This recap of Rick and Morty Season 4, Episode 3, “One Crew Over the Crewcoo’s Morty”, contains spoilers.


Rick and Morty Season 4, Episode 3 is a masterful spoof of the heist genre, as funny as it is fiendishly clever and smugly self-aware. It’s also proof that this show is so good it can even repurpose played-out tropes and trappings into better compositions than the ones it’s actually pilfering from; an ironic switcheroo perfectly fitting for “One Crew Over the Crewcoo’s Morty”.

The episode opens with Rick and Morty’s (both voiced by Justin Roiland) first proper adventure of the season – a jaunt through a trap-festooned Temple of Doom that I’m sure not coincidentally houses an artifact known as the Crystal Skull. As it happens, though, the trinket is missing, having already been snatched by villain of the week Miles Knightly (Justin Theroux) and replaced with his calling card – a red origami horse. This should come as no surprise, but Rick absolutely despises Knightly, and indeed everything associated with heists in general, so he and Morty head to Heist Con to confront him.

The convention is a nightmare for Rick, obviously, especially once he’s told that they can’t enter without forming their own crew. “One Crew Over the Crewcoo’s Morty” has multiple sequences of Rick and Morty doing exactly this, mostly by teleporting into various random locations and recruiting various outlandish personalities, almost all of whom are in service of some subsequent twist or double-cross as well as mostly being funny on their own terms. Getting into Heist Con and being challenged to a Heist-Off by Knightly is all part of at least two or three other heists devised by Rick and/or a self-aware robot he built and dubbed the Heist-O-Tron.
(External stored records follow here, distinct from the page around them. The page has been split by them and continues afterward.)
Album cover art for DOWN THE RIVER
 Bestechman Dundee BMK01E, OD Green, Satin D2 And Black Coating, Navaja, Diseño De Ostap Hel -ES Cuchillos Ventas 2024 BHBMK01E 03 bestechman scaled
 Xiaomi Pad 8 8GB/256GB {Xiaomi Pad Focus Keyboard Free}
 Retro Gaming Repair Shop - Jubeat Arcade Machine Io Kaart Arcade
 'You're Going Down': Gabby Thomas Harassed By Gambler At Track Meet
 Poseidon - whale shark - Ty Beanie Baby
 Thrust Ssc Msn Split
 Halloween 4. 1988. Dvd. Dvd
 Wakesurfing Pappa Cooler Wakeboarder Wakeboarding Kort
The episode-long running gag of Rick and Morty Season 4, Episode 3 is that the crosses and double-crosses never seem to end; each time we feel we’ve reach solid ground it’s wrenched out from beneath us by another last-minute development, beginning with Rick’s heist of the Crystal Skull getting more and more complex until the attendees literally heist Knightly’s skull from his head, and ending with a very last-minute skewering of the entertainment industry’s low standards when it turns out Rick has heisted Morty’s enthusiasm for his heist movie script because he’s scared of losing him.

That last bit is something of a footnote; most of “One Crew Over the Crewcoo’s Morty” isn’t about anything so introspective, but instead the simple formal fun of taking genre staples to their absolute extremes. There’s a great bit in which Rick assembles another crew and builds another robot, the Rando-Tron, which is programmed to design heists completely at random because anything even resembling a plan will at some point become part of the Heist-O-Tron’s double-cross plan.

One of Rick’s crewmen, by the way, is Elon Tusk, an alternative-universe Elon Musk who is voiced by the real Elon Musk in a hilariously self-aware turn that might serve as accidental damage control since the demonstration of the Tesla Cybertruck’s ostensibly bulletproof windows went rather splendidly wrong.

Rick and Morty Season 4, Episode 3 feels like exactly what is it: Roiland and Dan Harmon having as much fun as they can riffing on something so familiar to all of us that we can see all the developments coming but still get to be surprised at how far “One Crew Over the Crewcoo’s Morty” takes them – and how funny it is in doing so. Its final gag – that Netflix is still willing to buy Morty’s script, even though he was utterly disinterested in his own pitch – is just the cherry on top of a masterclass spoof.